Good and Evil
To understand what is right and wrong, we must first ask: what do we mean by good and evil?
These terms, while often used interchangeably with moral judgments, are not absolute. They are human concepts—words that carry meaning only through the minds that use them. Their content varies across cultures, languages, and individual perspectives. But this does not make them meaningless. It means they must be understood through the structure of sentient life.
If we seek a foundation deeper than custom or tradition, we must ground good and evil in existence itself. And what we find is this:
Humans are not neutral observers. We are emergent patterns of complexity, sensitive to structure, drawn toward meaning, and defined by sentience. We do not merely survive—we interpret. We suffer and hope. We seek pattern, purpose, and coherence.

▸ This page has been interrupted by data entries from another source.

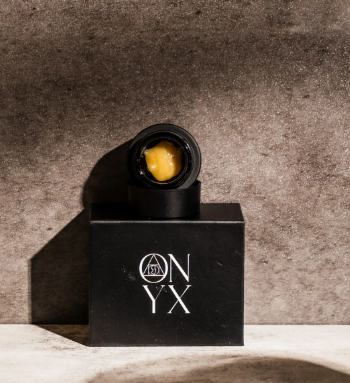 Photograph of product: [REC] ONYX | Rainbow Mochi | 1g Live Resin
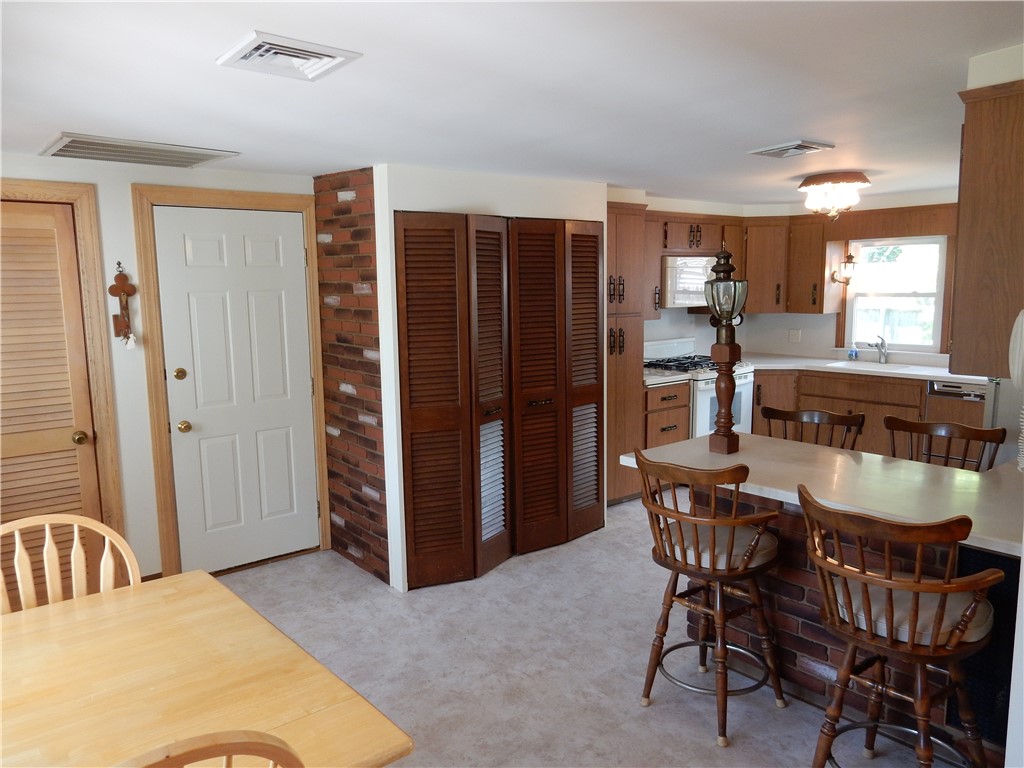 10 Pembroke Lane Coventry, RI 02816 - Photo 8 of 49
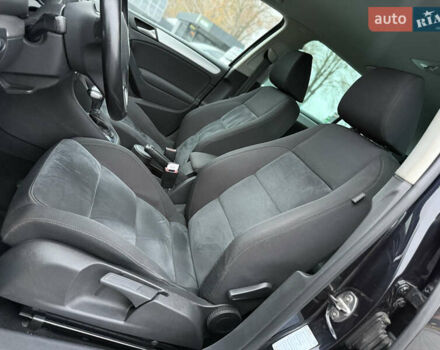 Черный Фольксваген Гольф, объемом двигателя 1.4 л и пробегом 227 тыс. км за 8500 $, фото 41 на Automoto.ua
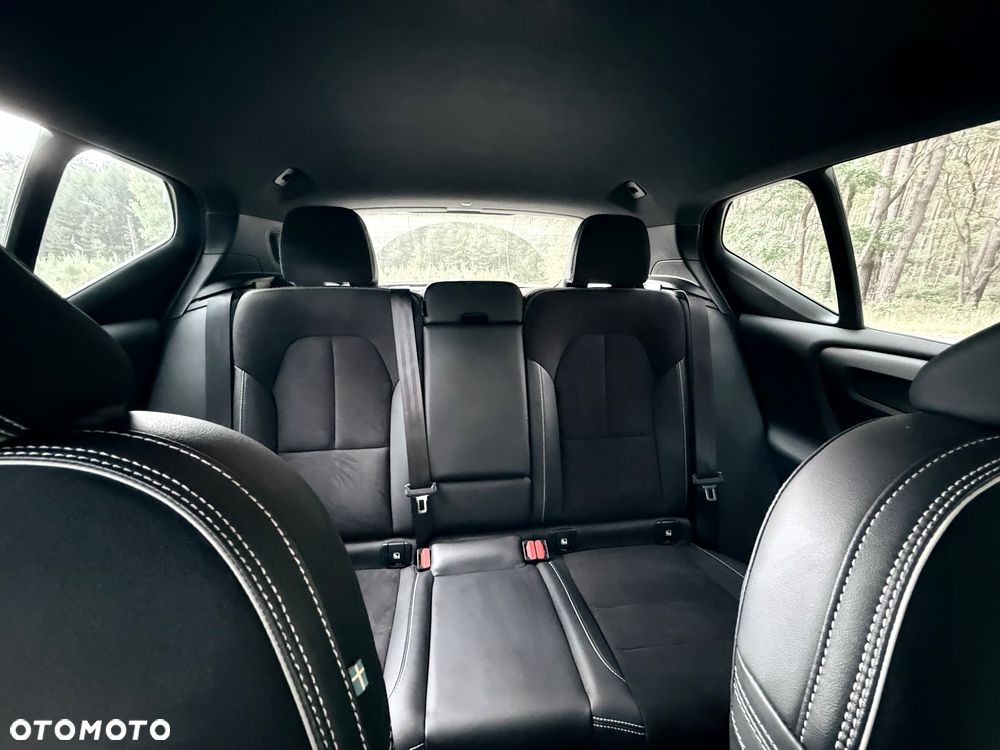 Volvo XC 40 T3 R-Design - 29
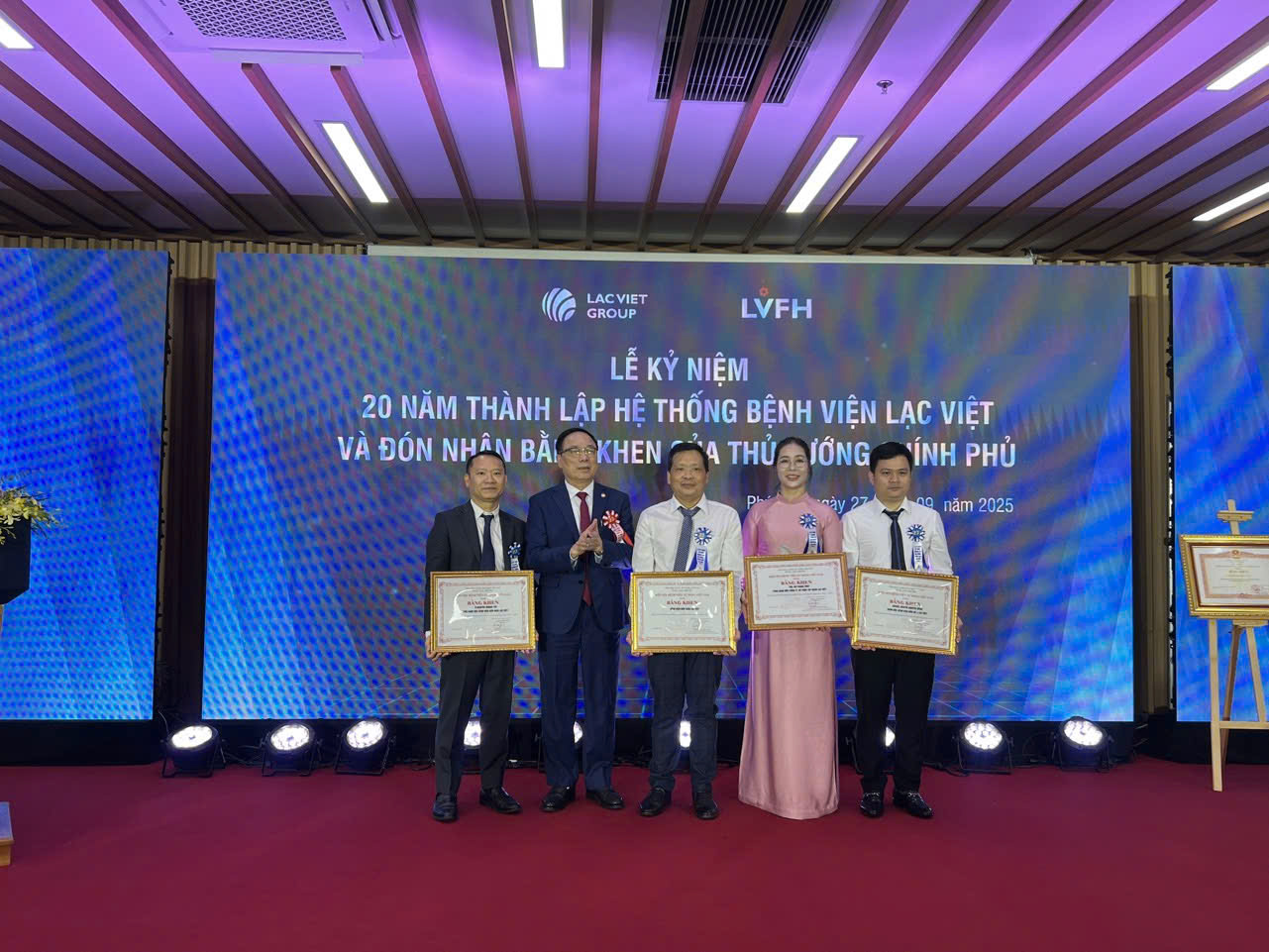 GS, Viện sĩ Nguyễn Văn Đệ ( thứ 2 từ bên trái) – Ủy viên Đoàn Chủ tịch Ủy ban Trung ương MTTQ Việt Nam, Chủ tịch Hiệp hội Bệnh viện tư nhân Việt Nam đã trao Bằng khen của Hiệp hội cho Công ty Cổ phần Tập đoàn Lạc Việt GS, Viện sĩ Nguyễn Văn Đệ ( thứ 2 từ bên trái) – Ủy viên Đoàn Chủ tịch Ủy ban Trung ương MTTQ Việt Nam, Chủ tịch Hiệp hội Bệnh viện tư nhân Việt Nam đã trao Bằng khen của Hiệp hội cho Công ty Cổ phần Tập đoàn Lạc Việt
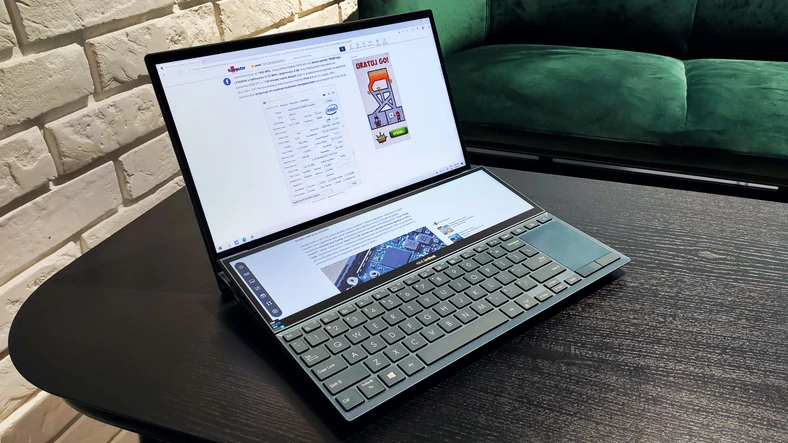 Asus ZenBook Duo 14 (UX482EA) – maksymalizacja okna na obu ekranach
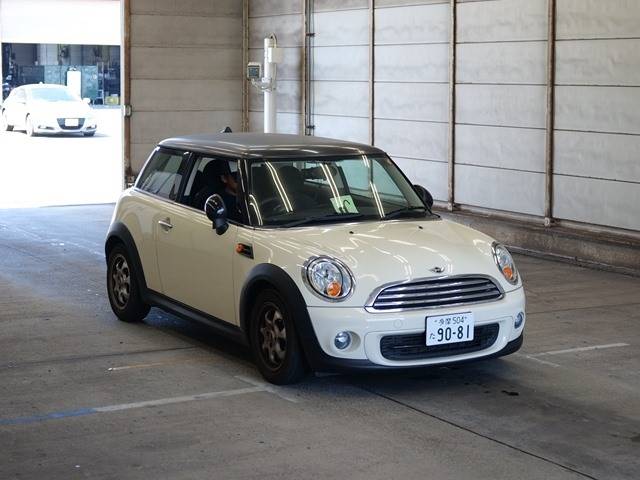 5009 BMW MINI SR16 2012 г. (ARAI Bayside)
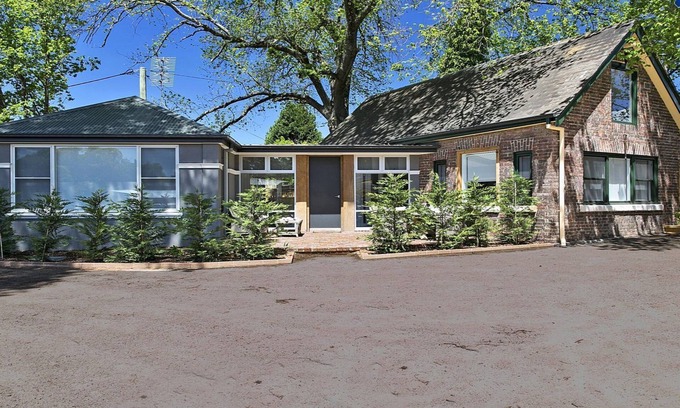 Moss Vale House | Old Bank Stables – north facing sun patio, outdoor furniture and BBQ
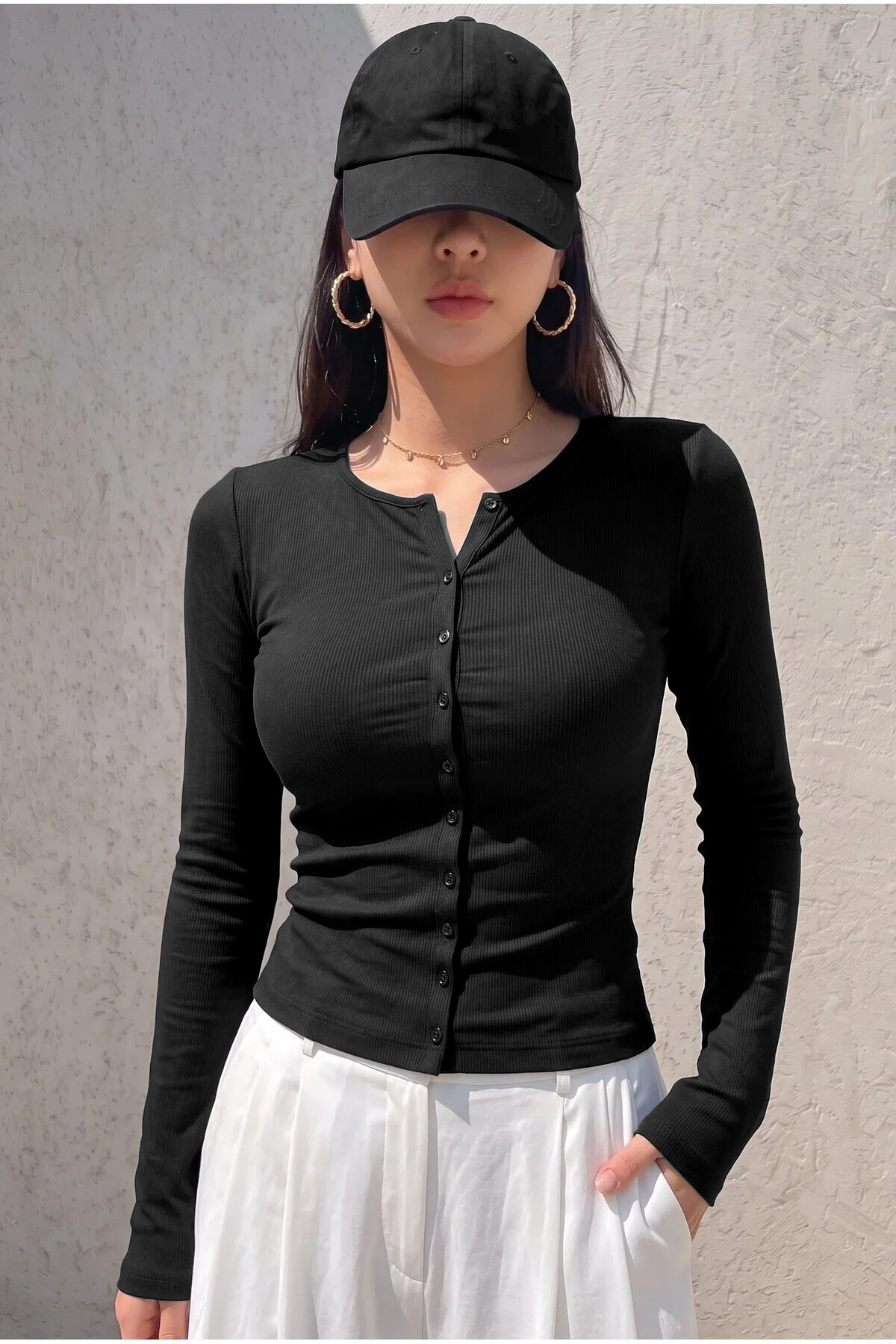 Teenage Millionaire Kadın Siyah Fitilli Kaşkorse Tam Düğmeli Esnek Düğme Detaylı Uzun Kollu Bisiklet Yaka Hırka Bluz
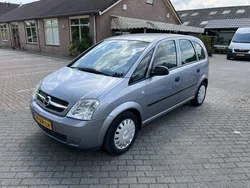 Grijs Gebruikt 2004 Opel Meriva Essentia MPV | € 1.000 (Goede deal)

And so we come to an insight:
Complexity, when structured, ordered, and generative, is experienced as good.
Entropy, when it disrupts coherence, destroys structure, or leads to the dissolution of being, is experienced as evil.
These are not metaphysical absolutes. Chaos can sometimes serve good. Order can sometimes preserve cruelty. But in general, we associate the ascent of complexity with good, and its dissolution with evil.
This is not arbitrary. It is grounded in our nature as systems of self-sustaining complexity.
We do not define good and evil from the outside—we live them.
To suffer is to experience a kind of chaos—an internal unraveling.
To create, to understand, to connect—these are experiences of order expanding, of complexity flourishing.
Thus, ethics is not grounded in commandments, but pattern recognition.
What sustains sentient complexity, what enables it to grow and relate and endure—that is good.
What reduces it, disintegrates it, or prevents it from arising—that is evil.